The rape and murder of a fellow student at the University of Cape Town is one of many cases of gender-based violence that afflicts women and children in South Africa on a daily basis. The incidents of sexual harassment against female students at this university has also reached un-proportional levels.

We are a society at war with ourselves. Our country is under attack! Our mothers, sisters and daughters are under attack! Women and children live in fear of being sexually abused or murdered. Women should not have to protect themselves from men. Women should feel safe and secure with us as men.

I speak to you today with a sense of shame, that as a nation we are failing to give an assurance to women and children and that we will take proper care for them.

On daily basis we wake up to unsettling reports of sexual violence and femicide. On Friday last week the Minister of Justice and Correctional Services, Mr. Ronald Lamola visited our campus after officially opening the Sexual Offences Court here in Thohoyandou.

He informed us during his Public Lecture that our Vhembe district municipality has recorded the highest increase of incidents of gender-based violence of more than 13 000 cases that have been reported in the form of murder, domestic violence, sexual violence, rape and assault cases in the entire Limpopo Province.

This is a very disturbing image for us in this university because we form part of this community and this community is part of us. The bad image of Vhembe community is also a bad reflection on us.

In confronting gender-based violence and femicide, we must challenge patriarchy which remain deeply entrenched within the fabric of our society to such an extent that most women in our communities consider abuse to be a normal way of life.
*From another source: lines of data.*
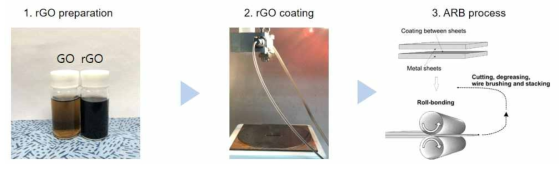 금속-그래핀 시편 준비 과정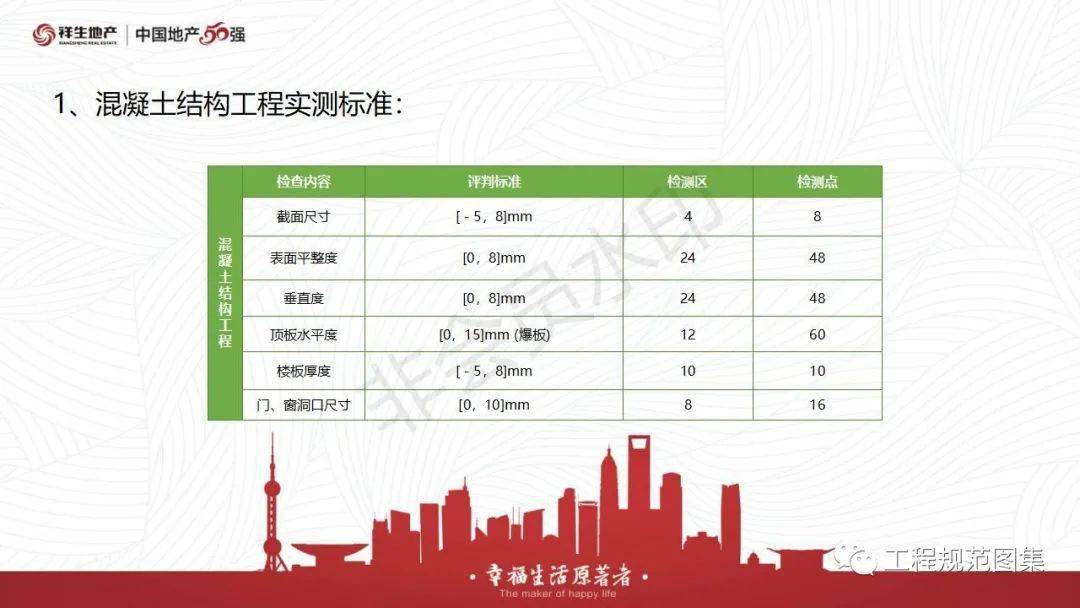 2024年新奥正版资料免费大全159期管家婆,定性解析评估_UHD款32.732-7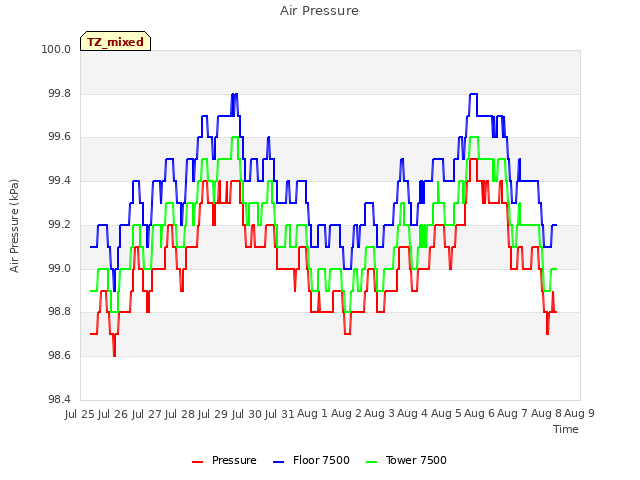 plot of Air Pressure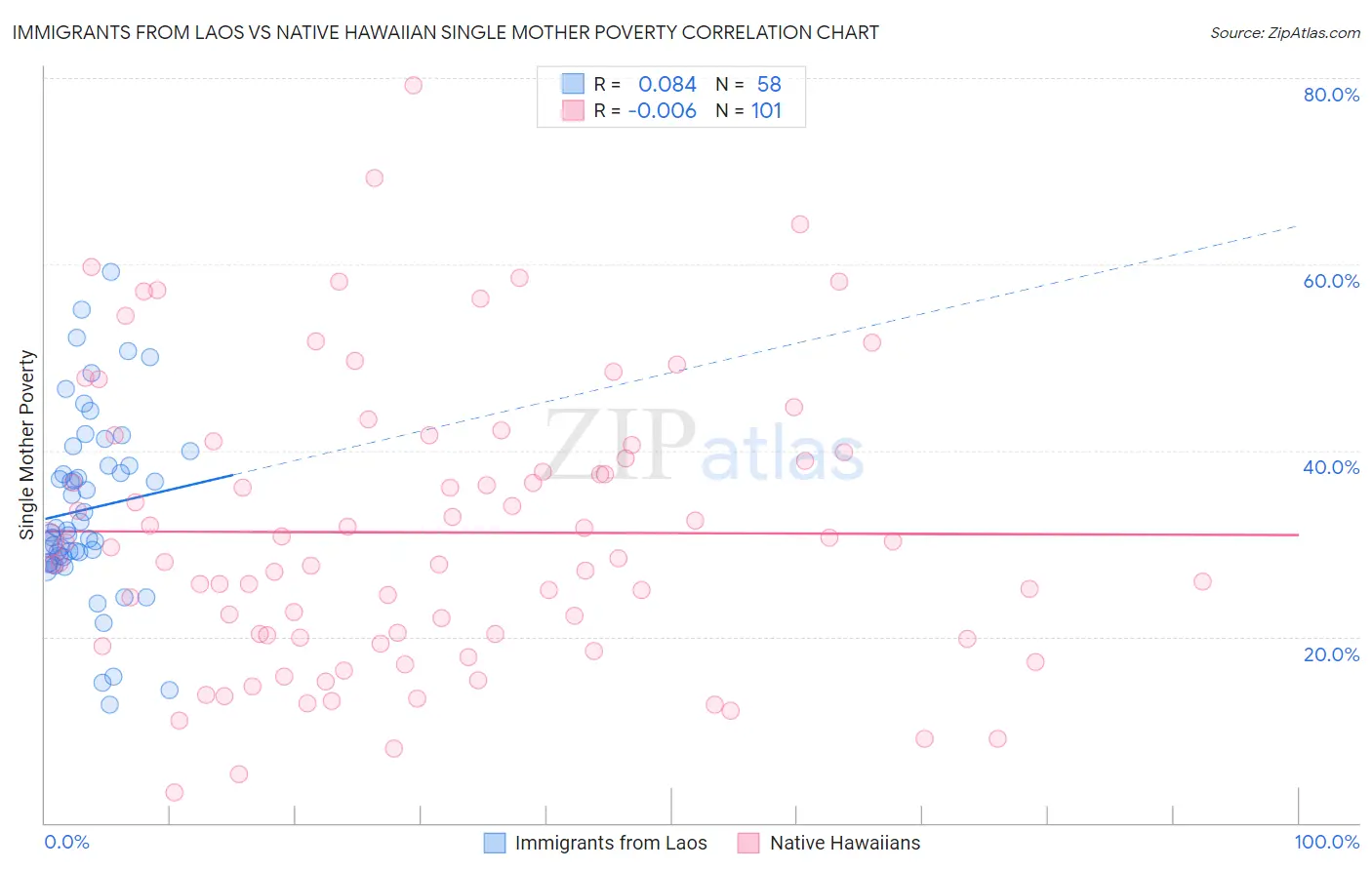 Immigrants from Laos vs Native Hawaiian Single Mother Poverty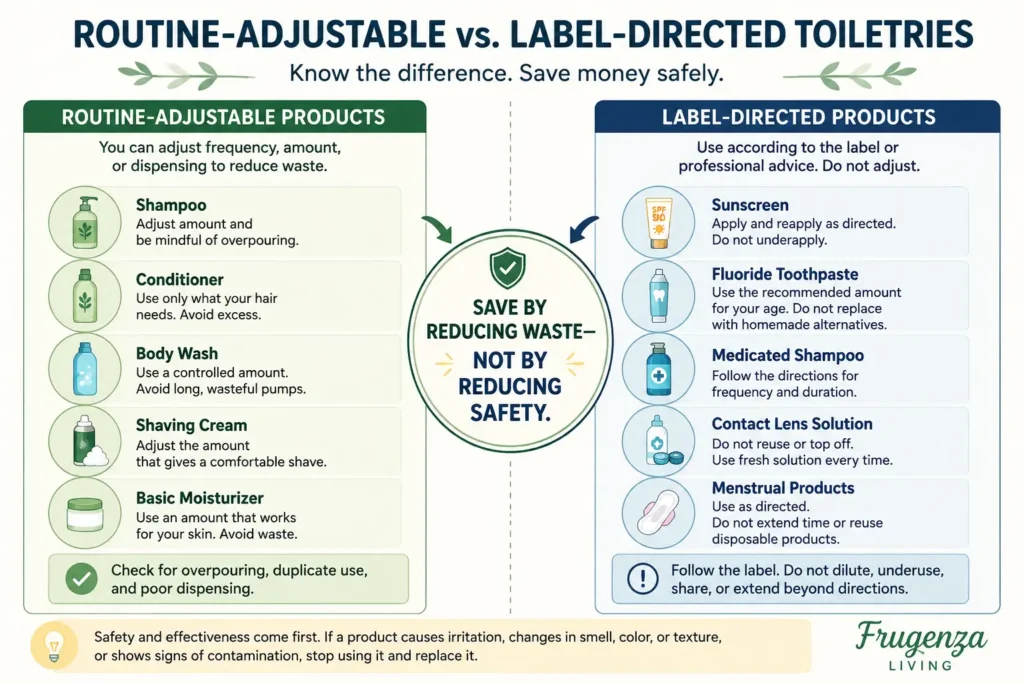 Infographic showing how to save money on toiletries without diluting or underusing label-directed products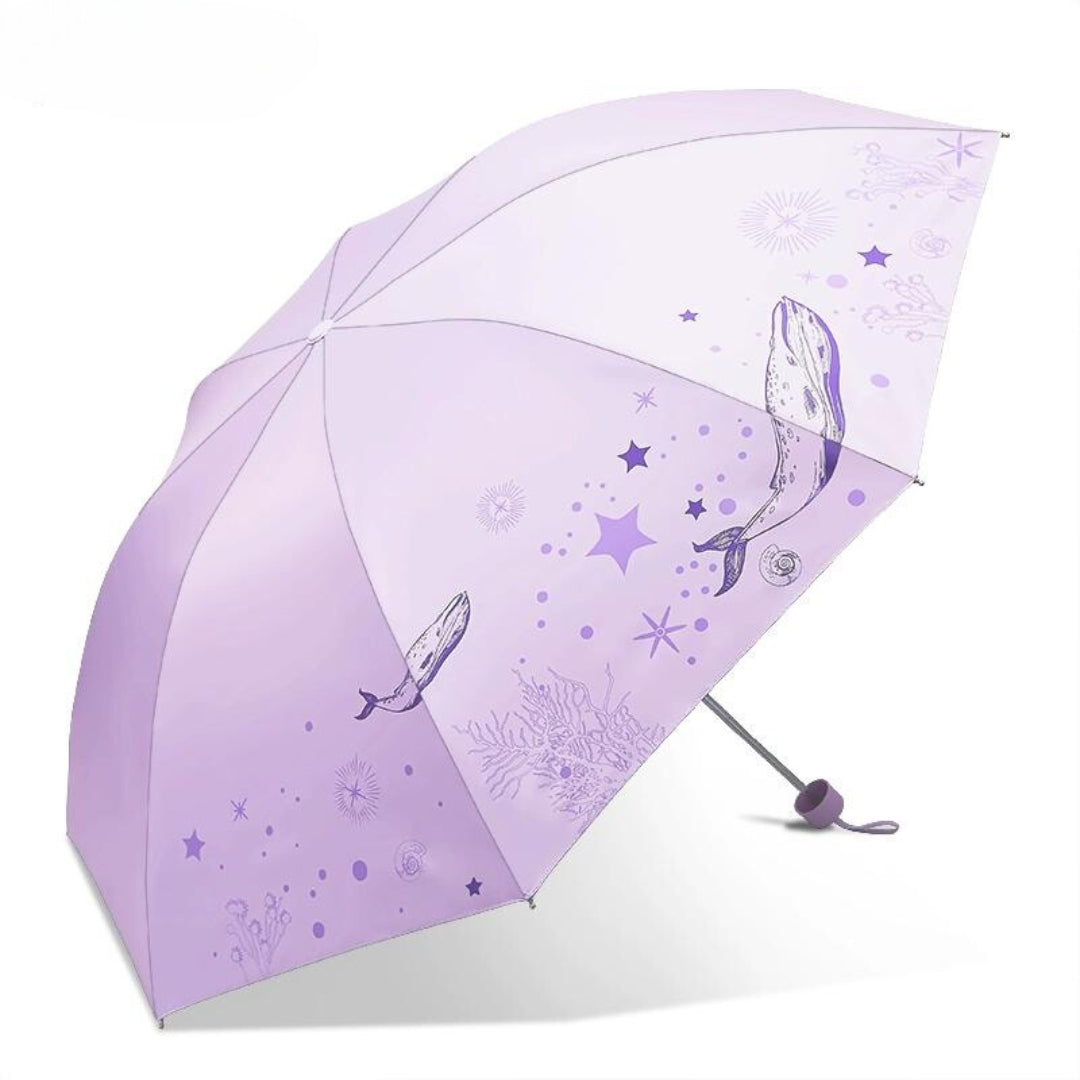 Tri Fold All Season Automatic foldable umbrella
We need to reject ideas, beliefs, values, norms and systems that perpetuate violence against women and children. As an institution of higher learning we must lead in this fight of eradicating these cultural beliefs and embrace diversity in our campus and communities.

Universities such as ourselves are well placed to provide education and spaces to discuss these issues that is affecting the moral fibre of our societies. Universities must lead in confronting patriarchal systems that subjugate women as second-class citizens.

Patriarchy creates a sense of entitlement among men. It makes men feel entitled to women bodies. Men are not entitled to any woman’s body. As men, we must know that a woman has right to say no.

Women should not have to apologise for rejecting a man. When a woman says no, she means no. Unwanted sexual behaviour which includes harassment, groping, unwanted touching, coercion, sexual assault and rape must be condemned and perpetrators must be made to account.

How many more women and children must live with this constant fear of being attacked and violated in our Campuses, Schools, Homes and even in our Churches?

It has been reported elsewhere that in most of the reported cases the perpetrators of gender violence are not strangers, but people known by the victims such as intimate partners, family members, friends and acquaintances.

This is not the society we want, the status-quo pertaining to how men in our societies treats women must change. As men, we should not stand back and allow women especially in our university to be violated.

Starting from today, we are going to set time aside in the university calendar on quarterly basis for a university-wide dialogue on gender violence led by staff, students both male and female.

We must adopt a zero-tolerance approach to gender and sexual abuse.

We will review our current university sexual harassment policy so that we can decisively expel those who are found guilty of rape from the university and will work with other universities in the country to ensure that such offenders are not admitted elsewhere.

We are going to prioritize all complaints of sexual violence and strengthen our Gender Equity Office and capacitate it to investigate all complaints expeditiously.

We will increase our support to strengthen our student counselling services to provide more holistic therapeutic, emotional, psychological and mental health support services.

We will enhance security measures in and around campus and residences.

We will expedite the process of our boundary fence and access control. We will ensure that the campus is sufficiently lit at night and install surveillance cameras in strategic locations.

We will closely work with-off campus landlords to demand more security measures for students.

We will strengthen our cooperation with the criminal justice system and the Commission for Gender Equality.

I invite you to join hands with the university management in fighting for the safety and wellbeing of women and create a secure environment wherein women and young women feel safe.